[Stored items]
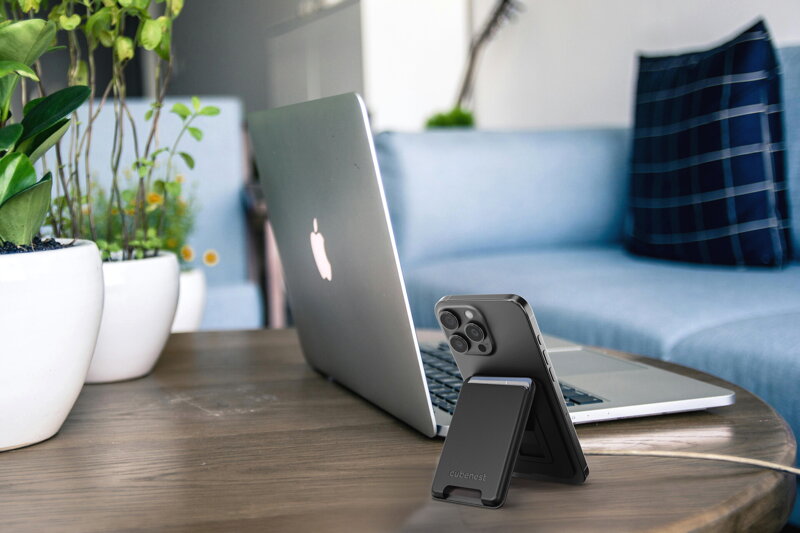 Cubenest Prémiová magnetická peněženka a stojan WT01S černá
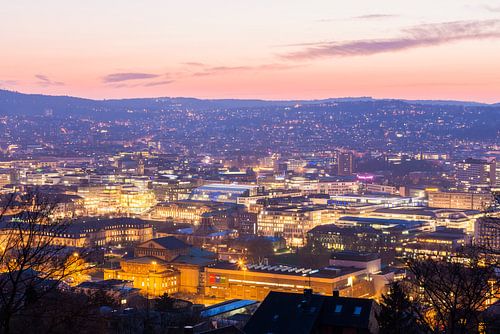 Stadscentrum met Schlossplatz in Stuttgart bij nacht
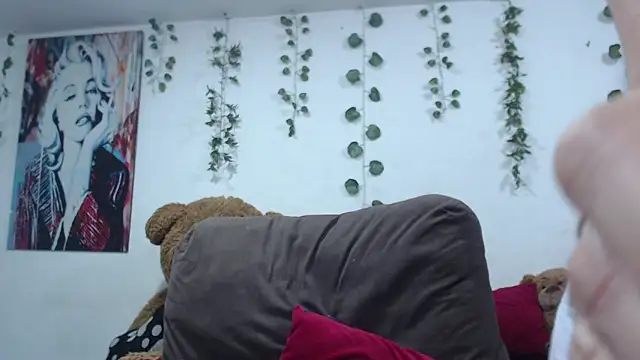 Snapshot of Samanta_milf84 chatting on January 15, 5:56 am Samanta milf84 online show from January 15, 5:56 am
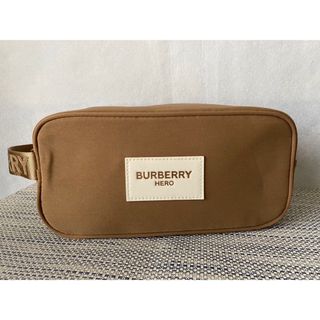 バーバリー(BURBERRY)の【BURBERRY】バーバリー ノベルティ トラベルポーチ②【新品未使用】(ポーチ)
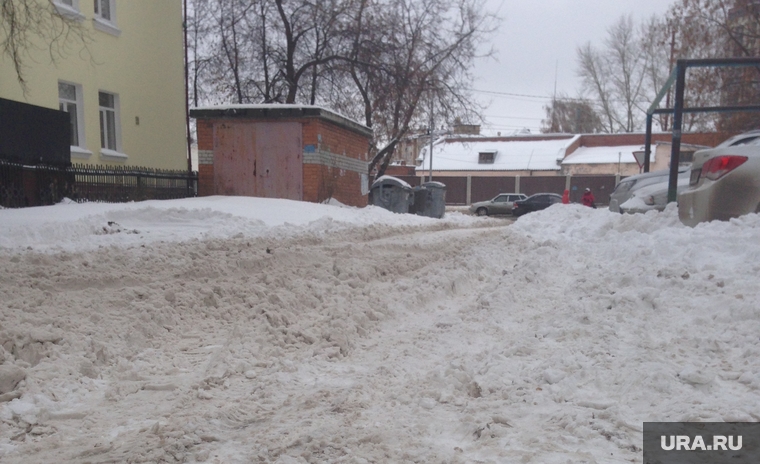 Тюменским управляющим компаниям пригрозили судом из-за неубранных дворов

**Required action:**
Retype the lines exactly. Begin at the one that holds "バーバリー(BURBERRY)の【BURBERRY】バーバリー ノベルティ トラベルポーチ②【新品未使用】(ポーチ)", stop at the last line of the entries above, and drop the pictures.

**Expected output:**
 バーバリー(BURBERRY)の【BURBERRY】バーバリー ノベルティ トラベルポーチ②【新品未使用】(ポーチ)
 Тюменским управляющим компаниям пригрозили судом из-за неубранных дворов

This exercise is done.